Auto Focus


Auto Focus is a 2002 American biographical film directed by Paul Schrader. The screenplay by Michael Gerbosi is based on the book The Murder of Bob Crane by Robert Graysmith. It tells the story of actor Bob Crane, an affable radio show host and amateur drummer who found success on Hogan's Heroes, a popular television sitcom about a prisoner of war camp during World War II, and his dramatic descent into the underbelly of Hollywood after the series was cancelled.

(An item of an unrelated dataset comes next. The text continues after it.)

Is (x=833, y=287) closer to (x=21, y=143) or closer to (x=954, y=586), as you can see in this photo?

The film concentrates on Crane's secret personal life, focusing on his relationship with John Henry Carpenter, an electronics expert involved with the development of the VCR. Encouraged by Carpenter and enabled by his expertise, Crane - a church-going, non-drinking family man - becomes a sex addict obsessed with sleeping with as many women as possible and recording those encounters with video and photographic equipment, usually with Carpenter participating. Auto Focus depicts Crane's life from his sitcom success through his post-Hogan's Heroes efforts to sustain a viable career - mostly in dinner theatre - until his murder.


Crane's murder remains unsolved to this day. Although Carpenter was tried and acquitted of the crime, he remained the subject of suspicion even after his death in 1998.

The film premiered at the Toronto Film Festival. It was shown at the San Sebastián Film Festival, the Helsinki International Film Festival, the Chicago International Film Festival, the New Orleans Film Festival, and the Bergen International Film Festival before going into limited release on eleven screens in the US, earning $123,761 on its opening weekend. It grossed $2,063,196 in the US and $641,755 in foreign markets for a total worldwide box office of $2,704,951 .

The DVD release includes a 50-minute documentary, Murder in Scottsdale, delving into the initial murder investigation and the reopening of the case some fifteen years later.


Critical reception

A.O. Scott of the New York Times said the film "gets to you like a low-grade fever, a malaise with no known antidote. When it was over, I wasn't sure if I needed a drink, a shower or a lifelong vow of chastity ... there is [a] severe, powerful moralism lurking beneath the film's dispassionate matter-of-factness. Mr. Schrader is indifferent to the sinner, but he cannot contain his loathing of the sin, which is not so much sex as the fascination with images ... To argue that images can corrupt the flesh and hollow out the soul is, for a filmmaker, an obviously contradictory exercise, but not necessarily a hypocritical one. There is plenty of nudity in Auto Focus, but you can always glimpse the abyss behind the undulating bodies, and the director leads you from easy titillation to suffocating dread, pausing only briefly and cautiously to consider the possibility of pleasure."

Roger Ebert of the Chicago Sun-Times called the film "a hypnotic portrait ... pitch-perfect in its decor, music, clothes, cars, language and values ... Greg Kinnear gives a creepy, brilliant performance as a man lacking in all insight ... Crane was not a complex man, but that should not blind us to the subtlety and complexity of Kinnear's performance."

Edward Guthmann of the San Francisco Chronicle called it "a compelling, sympathetic portrait ... Kinnear undercuts the seaminess of the Crane story, and shows us a man with more dimension and complexity than his behavior might suggest."

Peter Travers of Rolling Stone awarded it 3½ ot of 4 stars and added, "Schrader, the writer of Taxi Driver and the director of American Gigolo, is a poet of male sexual pathology. Shot through with profane laughs and stinging drama, Auto Focus ranks with his best films."

Todd McCarthy of Variety called it "one of director Paul Schrader's best films, and like Boogie Nights ranks as a shrewd expose of recent Hollywood's slimy underside ... Schrader directs with a very smooth hand, providing a good-natured and frequently amusing spin to eventually grim material that aptly reflects the protagonist's almost unfailing good humor ... Pic overall has an excellent L.A. period feel without getting elaborate about it, and musical contributions by Angelo Badalamenti and a host of pop tunes are tops."

Awards and nominations

Paul Schrader was nominated for the Golden Seashell at the San Sebastián International Film Festival. Willem Dafoe was nominated Best Supporting Actor by the Chicago Film Critics Association but lost to Tim Robbins for Mystic River.